[erlang-questions] Intermittent failures reconnecting C hidden nodes

Sat Jul 7 04:30:13 CEST 2007

Here's the latest status, for anyone who cares.

I'm getting the atom "nok" in response to sending my node name when
the failure occurs.  It's only happened once since we restarted
yesterday.  The node had been down for about eight minutes, and came
back up on a different cluster machine.  It failed connecting several
times (receiving the packet "snok"), and then about a minute later it
succeeded.

here's our log from the erlang side (the times are in CDT):
16:16:45 - <0.73.0> : received nodedown for:'c4780@REDACTED'
[{nodedown_reason, connection_closed},{node_type,hidden}]
16:25:24 - <0.73.0> : received nodeup for:'c4780@REDACTED' [{node_type, hidden}]

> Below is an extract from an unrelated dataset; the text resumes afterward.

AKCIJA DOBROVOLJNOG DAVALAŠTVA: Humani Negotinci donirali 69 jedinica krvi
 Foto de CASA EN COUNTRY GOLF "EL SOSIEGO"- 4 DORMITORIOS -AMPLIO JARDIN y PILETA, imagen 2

I amended the erl_interface code to show the actual packet recv_status received.

(the times are in GMT... don't ask)
ei_xconnect: Fri Jul  6 21:24:18 2007: -> CONNECT attempt to connect to yt
ei_epmd_r4_port: Fri Jul  6 21:24:18 2007: -> PORT2_REQ alive=yt
ip=204.11.209.42
ei_epmd_r4_port: Fri Jul  6 21:24:18 2007: <- PORT2_RESP result=0 (ok)
ei_epmd_r4_port: Fri Jul  6 21:24:18 2007:    port=4000 ntype=77
proto=0 dist-high=5 dist-low=5
ei_xconnect: Fri Jul  6 21:24:18 2007: -> CONNECT connected to remote
recv_status: Fri Jul  6 21:24:18 2007: <- RECV_STATUS not ok; got: 73
6e 6f 6b = "snok"
ei_xconnect: Fri Jul  6 21:24:18 2007: -> CONNECT failed
erl_connect: Input/output error

Now... In my reading of the code, the only way the 'nok' can be sent
is if handle_info({...,{accept_pending,...}},...) in net_kernel.erl
returns 'nok_pending' to mark_pending/1 in dist_util.erl, like so:

handle_info({AcceptPid, {accept_pending,MyNode,Node,Address,Type}}, State) ->
    case ets:lookup(sys_dist, Node) of
        [#connection{state=pending}=Conn] ->
            if
                MyNode > Node ->
                    AcceptPid ! {self(),{accept_pending,nok_pending}},
                    {noreply,State};
                true ->
                    [...snip]

If I'm reading that right, it's doing a *lexical comparison* of the
local node name atom with the connecting one.  I cannot fathom why you
would want to do that... can someone clue me in?  In our case, it is
true that yt@REDACTED > c4780@REDACTED

Regardless, it seems that my previous connection, even though I got
the nodedown, was pending.  I scoured the rest of my server logs for
any place where some other c4780 could have made an abortive attempt
to connect but I don't see anything.  So my conjecture at this point
is that some part of the previous connection is stuck for a little
while but eventually clears out.

I saw this in the changelog for R11B-4 and was curious:
    OTP-6447  Under rare circumstances a terminating connection between two
	      nodes could cause an instantaneous reconnect between the two
	      nodes to fail on the runtime system with SMP support.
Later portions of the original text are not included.